EXERCISE REQUIREMENTS
Your answer should be the full data, transcribed exactly, with no pictures in it.

(Beginning of GIVEN MATERIAL)

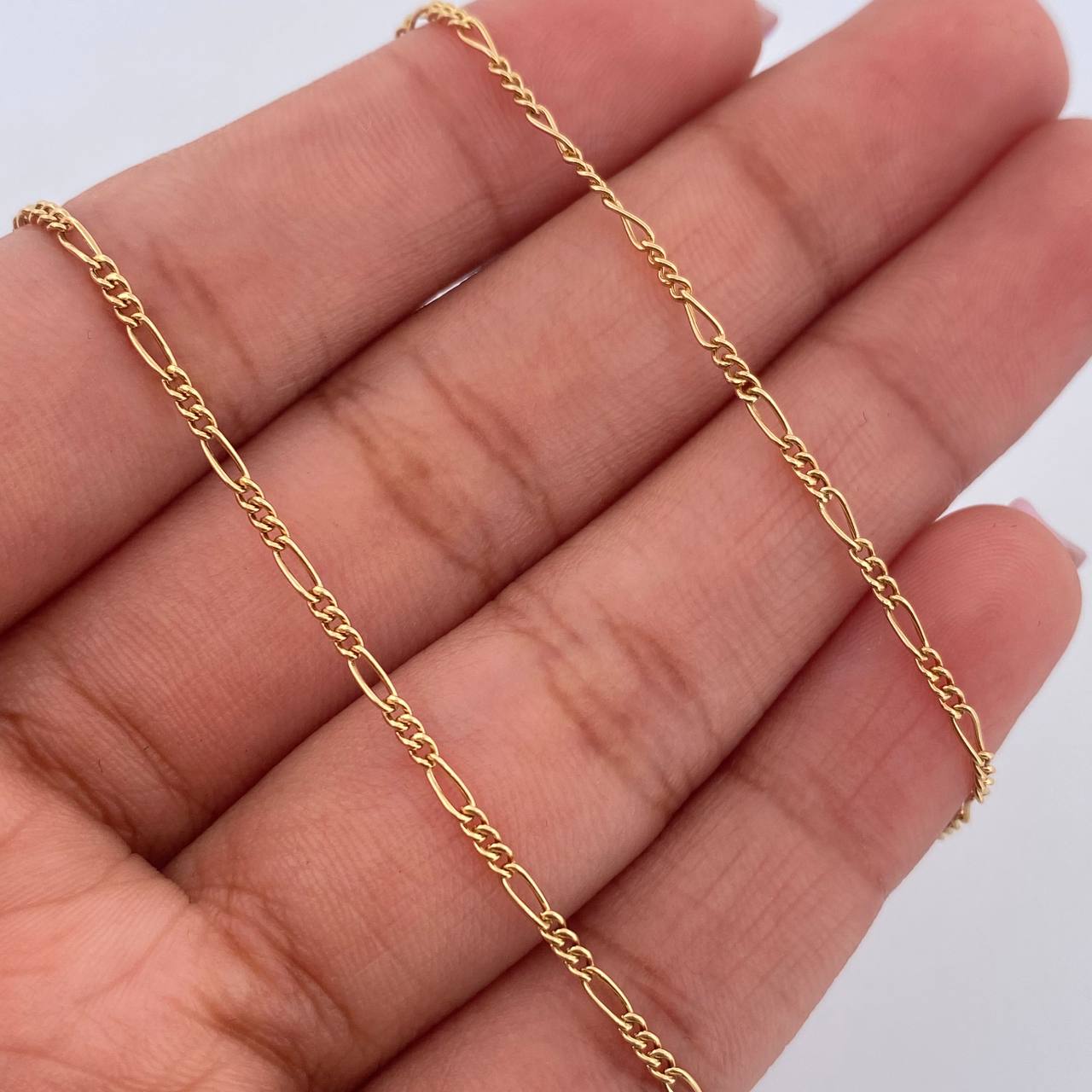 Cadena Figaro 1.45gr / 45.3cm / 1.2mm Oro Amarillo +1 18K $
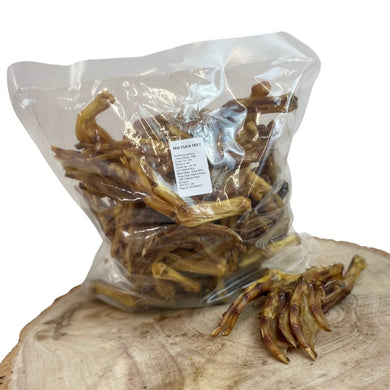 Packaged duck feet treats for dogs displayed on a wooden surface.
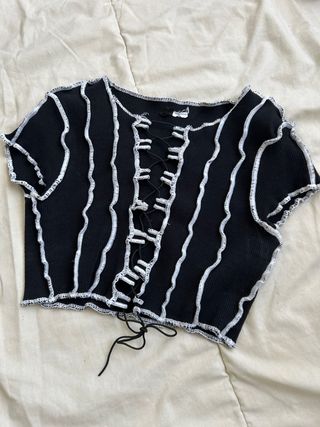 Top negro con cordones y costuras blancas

(End of GIVEN MATERIAL)

EXERCISE SOLUTION
 Cadena Figaro 1.45gr / 45.3cm / 1.2mm Oro Amarillo +1 18K $
 Packaged duck feet treats for dogs displayed on a wooden surface.
 Top negro con cordones y costuras blancas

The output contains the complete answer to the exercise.